16. The two letters dated 29/03/1977 and 30/07/1977 (Exhibits 8 and 9) clearly
acknowledge the amount of Rs. 2 crores having been received by the Federation
from the Food Corporation of India whether by way of advance or by way of
deposit. The letters also indicate that the amount of two crores was by way of
advance or deposit against paddy procurement. This is admission of journal
relationship of buyer and seller which stood converted into relationship of
creditor and debtor on the failure of the principal transaction. However, the
acknowledged liability is sought to be disowned by submitting that on an
account being taken nothing would be found due and payable by the plaintiff to
the Federation. Disputing the liability to repay the amount acknowledged to
have been received does not dilute the fact of acknowledgement in so far as
Section 18 of the Limitation Act is concerned. The two letters have the effect
of extending the period of limitation prescribed for filing the suit and
calculated from the date of the latter of the two letters i.e. 30/07/1977, the
suit filed on 30/05/1980 was well within the period of limitation.

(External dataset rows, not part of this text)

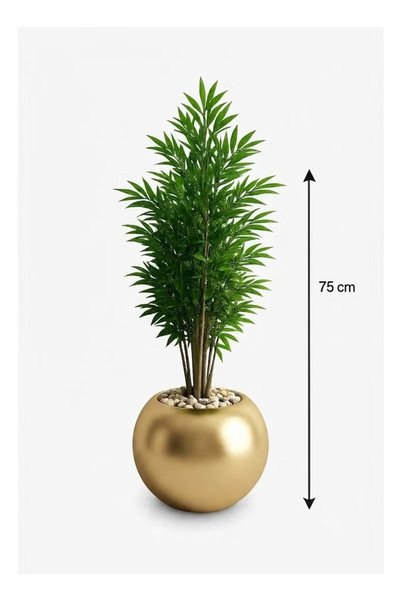 Generic Brand نبات النخيل الأنيق (Chamaedorea seifrizii) للديكور الداخلي في وعاء ذهبي فاخر دائري الشكل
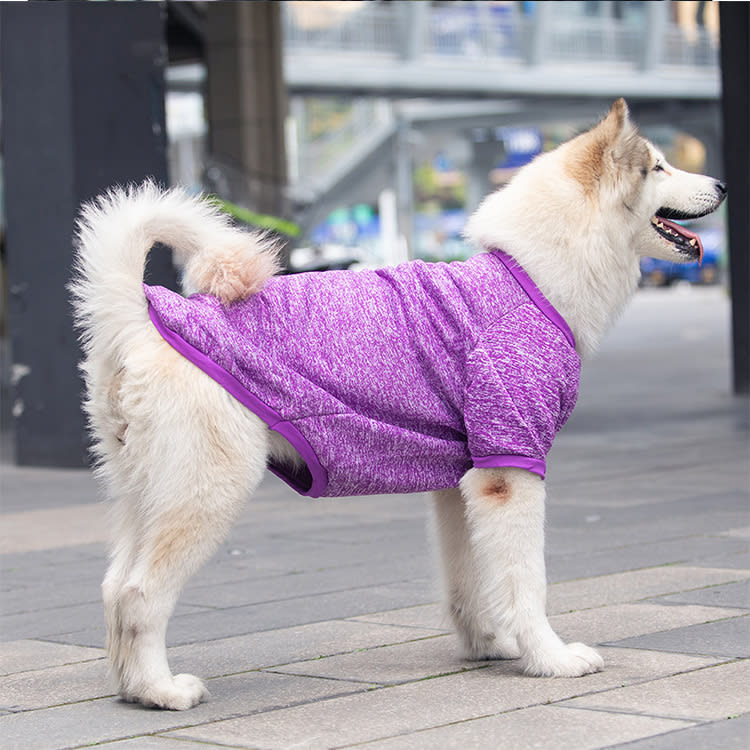 Dog Wool Warm And Comfortable Sweater view 2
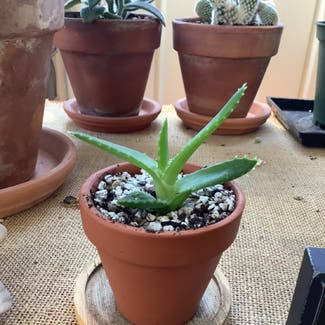 Short-Leaved Aloe plant in Chicago, Illinois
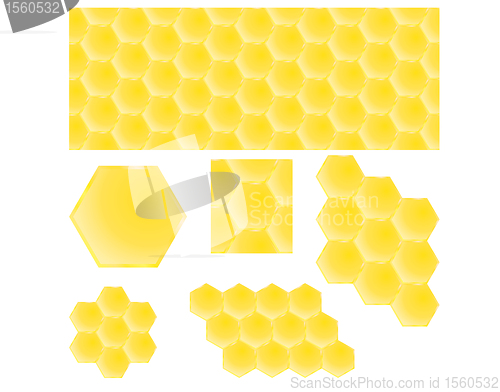 Image of honey combs 
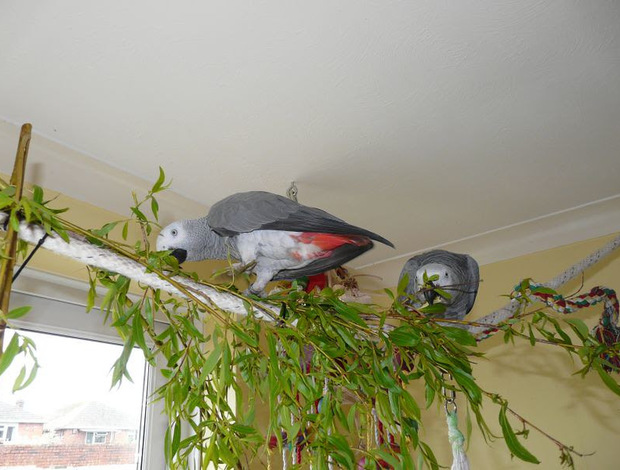 African Grey Parrot Talented  African Grey Parrots Available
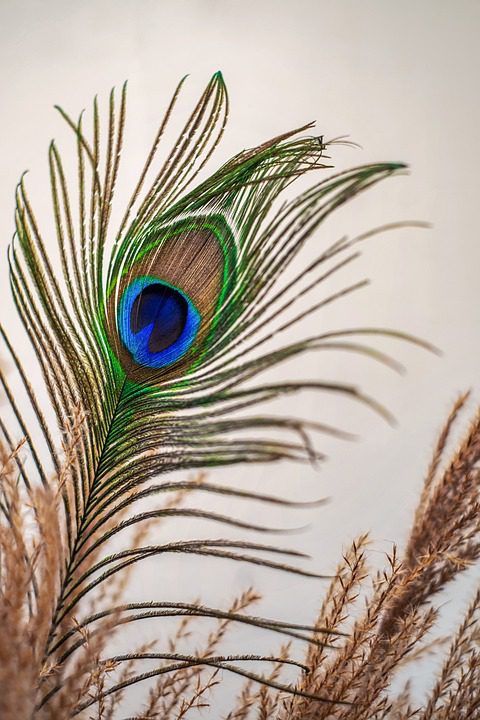 Peacock Feather Arrangement in a Vase
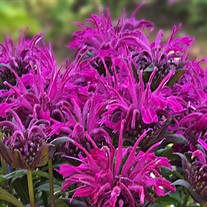 'Rockin' Raspberry' Bee Balm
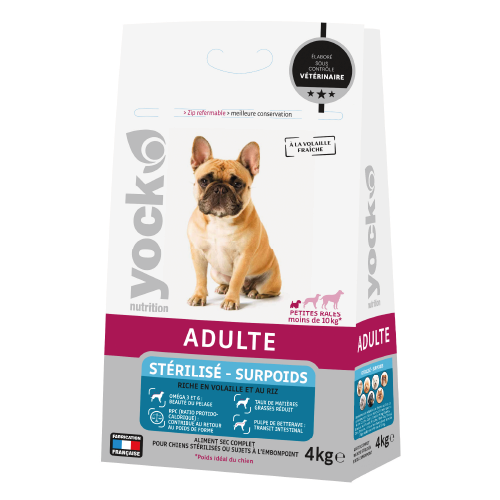 découvrez des conseils pratiques et des solutions d'alimentation pour aider votre chien en surpoids à retrouver un poids santé. apprenez à choisir les meilleures croquettes, à équilibrer son régime alimentaire et à adapter ses portions pour favoriser sa santé et son bien-être.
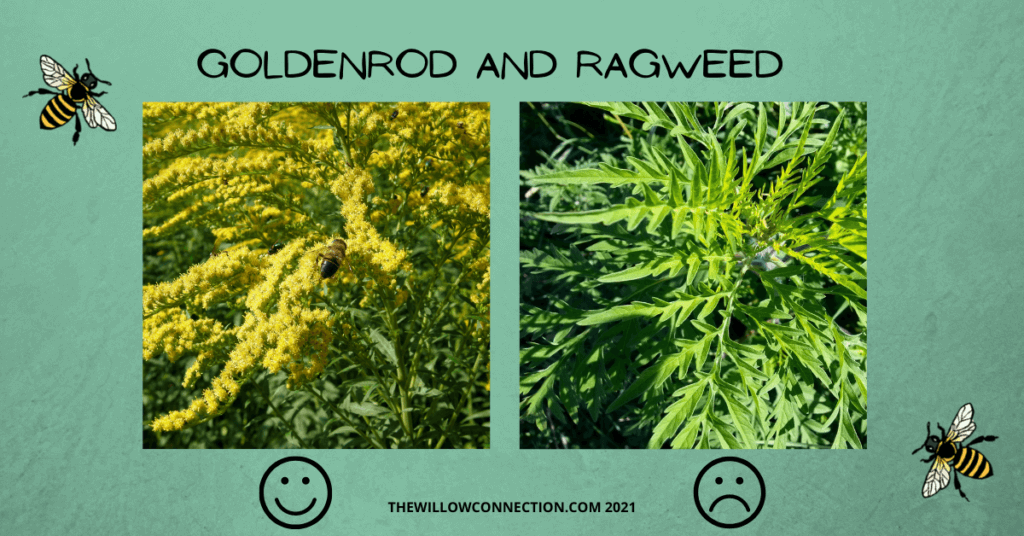 Goldenrod vs. Ragweed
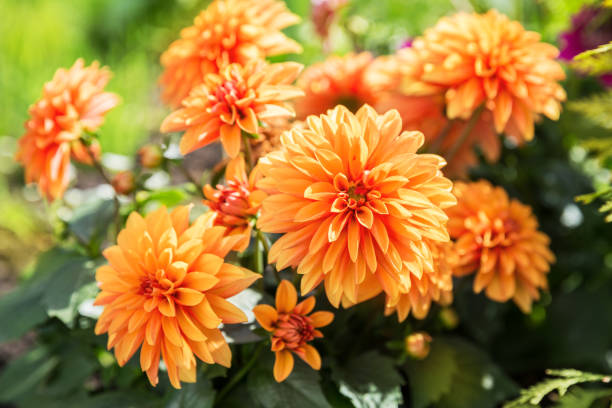 Orange dahlia flowers Orange dahlia flowers on flowerbed in garden dahlia stock pictures, royalty-free photos & images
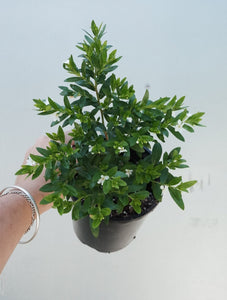 Cupea White 140mm 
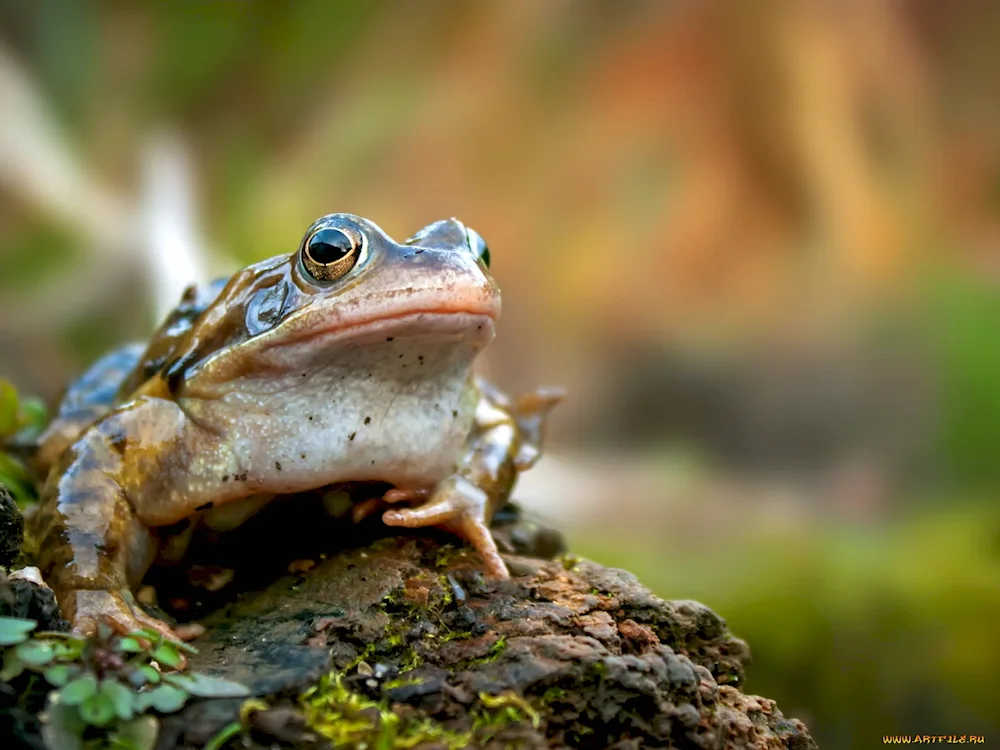 Crab-eating Frog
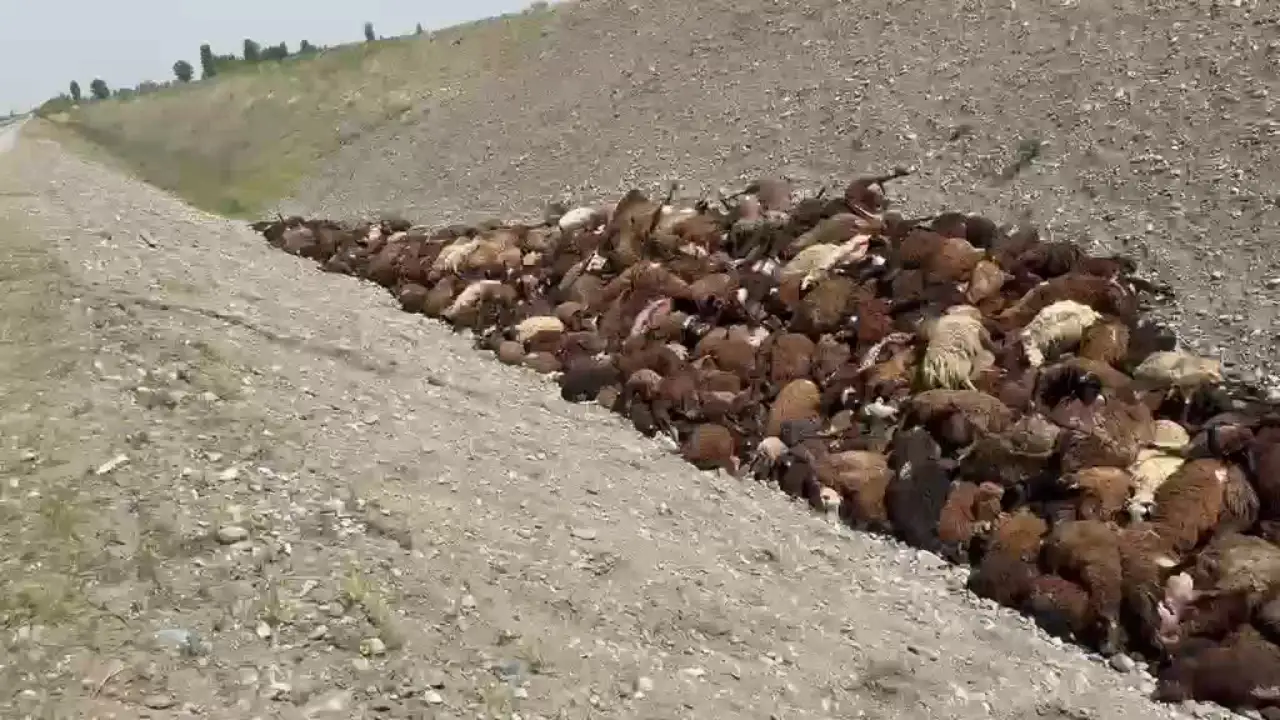 Arı saldırısından kaçan koyunlar birbirini ezdi: 400 koyun öldü, 5 kişi yaralandı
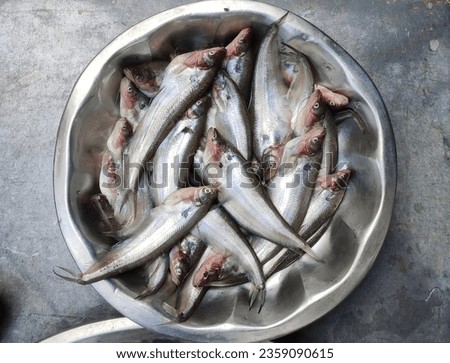 Pabda fish is a freshwater fish species. It is very tasty and has high nutrition value. So it has a great demand and high value in the market. Scientific name - Ompok pabda. Royalty-Free Stock Photo #2359090615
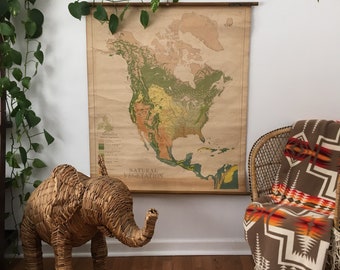 Antique Pull Down Roll Map North America Vegetation Wall Atlas ||  1930s Vintage
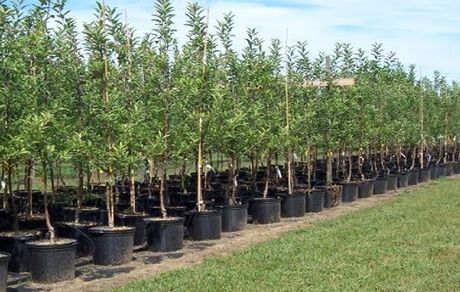 توزیع نهال رایگان در بوستان‌های منتخب مناطق ۲۲ گانه همزمان با روز طبیعت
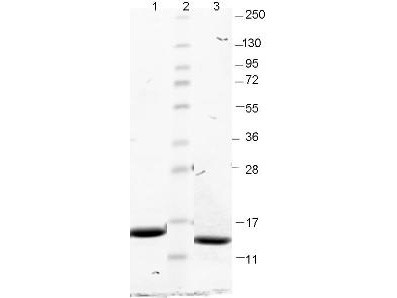 Granulocyte Macrophage-Colony Stimulating Factor (GM-CSF), mouse recombinant (rmGM-CSF)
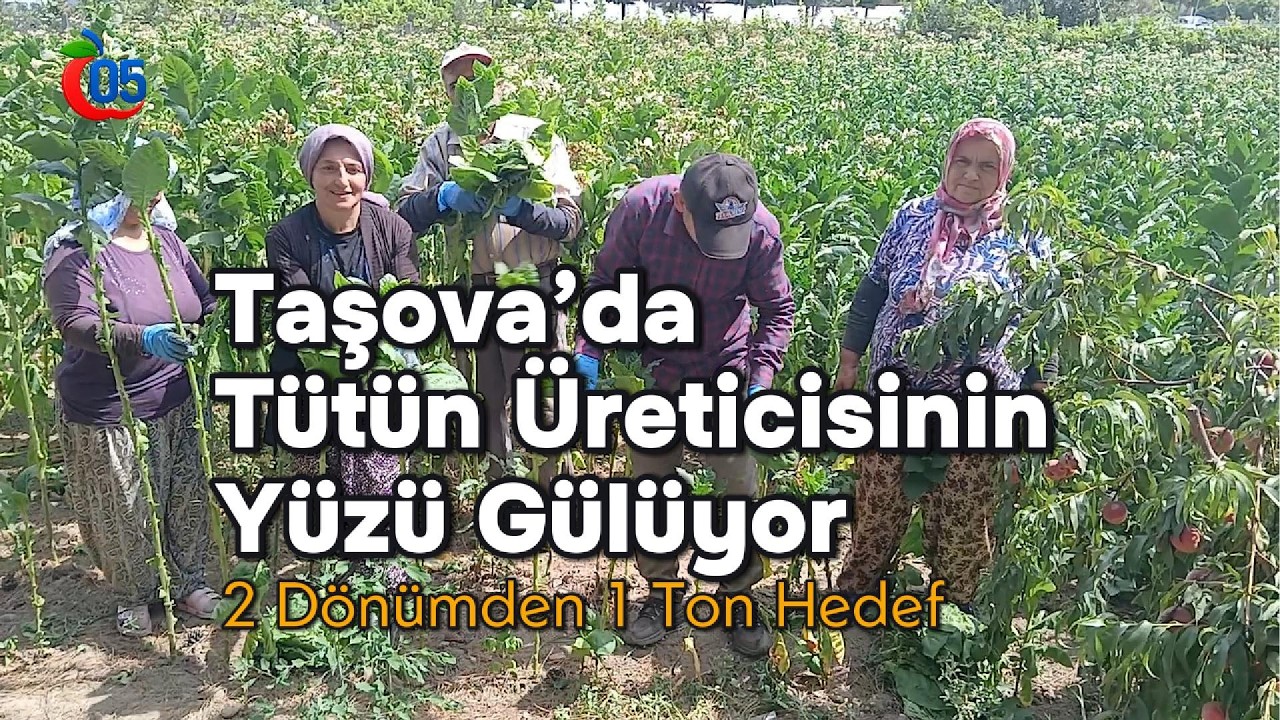 Taşova’da Tütün Üreticisinin Yüzü Gülüyor 2 Dönüm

17. For the foregoing reasons, we cannot countenance the view taken by the
trial court and the High Court that the suit filed by the appellant was barred
by limitation.
18. The trial court, as already indicated, has found the plaintiff not entitled
to any claim other than the recovery of Rs. 39,36,810/-. The claim for interest
was also found not liable to be sustained. We are not inclined to take a view
different from the one taken by the trial court more so, when we find that no
plea other than that of limitation was pursued and pressed in the High Court.
19. The appeal is allowed. The judgments and decrees of the trial court and the
High Court are set aside. Instead the suit filed by the plaintiff is directed
to be decreed against the defendant respondent Nos.1 and 2 for recovery of Rs.
39,36,810/- with costs proportionate to that amount throughout. The plaintiff
shall also be entitled to interest calculated at the rate of 6 percent per
annum from the date of the suit till realization.